La tienda estaba cerrada así que volví en la tarde al salir de clase. Intenté forzar el azar de la misma forma que lo hice yendo desde mi casa pero al ser imposible me tomó una hora de más encontrar el local. Pensé en que tendría más o menos el suficiente tiempo para ojear la tienda, casi un misterio para mí, antes de que se pusiera el sol y mi mamá volviera a la casa para comer. La tienda era pequeña y como todas las de su tipo estaba atestada de afiches de películas. Cuando me puse a detallarlos me di cuenta de que todos los afiches eran de películas de acción. Todos tenían la misma figura exuberantemente masculina como protagonista, todos me producían lo mismo pero yo no sabía qué era. Llegué con inocencia a la sección de adultos, y al notar el descuido de la tendera me escabullí para ver qué escondía el rincón. Sobra decir que todo lo que ocurría ese día era nuevo para mí, y que ver mujeres desnudas me causaba más risa que curiosidad, y que, también, lo que me movió a volver sistemáticamente todas las semanas (en días aparentemente aleatorios para evitar sospechas), era la posibilidad de llevarme a escondidas un casete poblado de hombres. Hacía todo lo que podía por devolverlos en un lapso corto, pero mi ansiedad pudo más y mi depósito fue creciendo. A los dos meses no me dejaron volver a entrar a la tienda; no me dieron una razón clara porque no tenían pruebas pero la tendera y yo sabíamos lo que pasaba.

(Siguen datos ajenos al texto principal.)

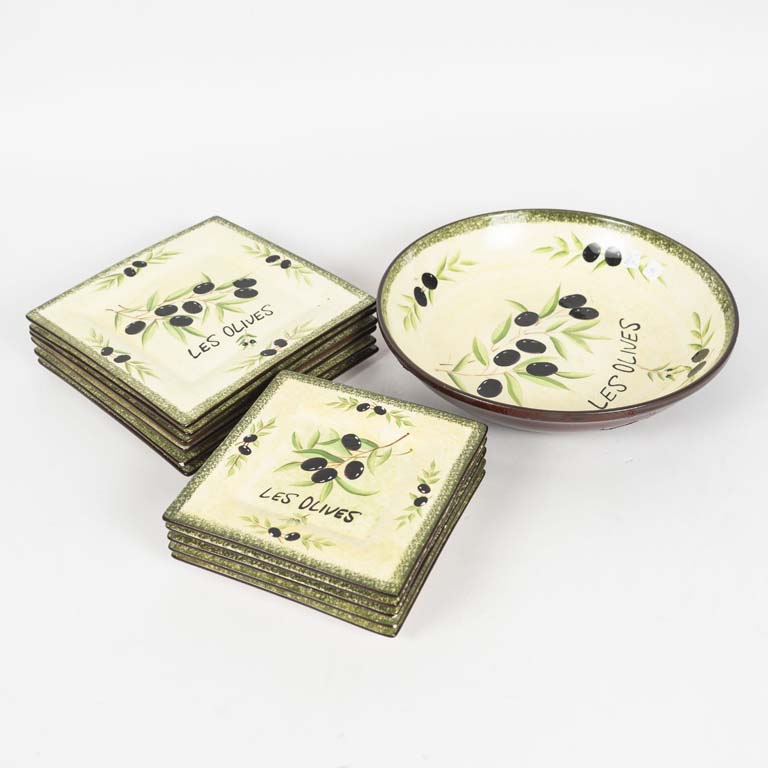 12 Piezas de loza William James Les Olives. Fuente pintada abajo se está descascarando, dos platos chicos con cascaduras - Medidas: Plato grande 25x25cm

Empecé a ver pornografía obsesivamente para tratar de entender por qué las mujeres no me generaban más que una vaga sensación de camaradería o repugnancia; no me sentía normal, pero no me afectaba. Lucero siempre estuvo a mi lado, desde que apenas contábamos unos escasos meses de vida. Por ella empecé a ir a la biblioteca municipal, a leer y a alejarme del mundo, y a través de ella conocí todos los rincones femeninos; nos usábamos como territorios a explorar, ella para su futuro con los hombres, yo para entender lo que devendría. A los catorce me di cuenta de que preferiría siempre a los hombres pero que mi cuerpo estaba mal y necesitaba ser corregido. Pero siempre estuvo fuera del alcance en todos los sentidos, y cuando la panadería en la que mi mamá trabajaba quebró, traté de buscar formas desesperadas de conseguir dinero. Entregué periódicos, revendí chatarra, fui mesero en un restaurante que solo preparaba almuerzos.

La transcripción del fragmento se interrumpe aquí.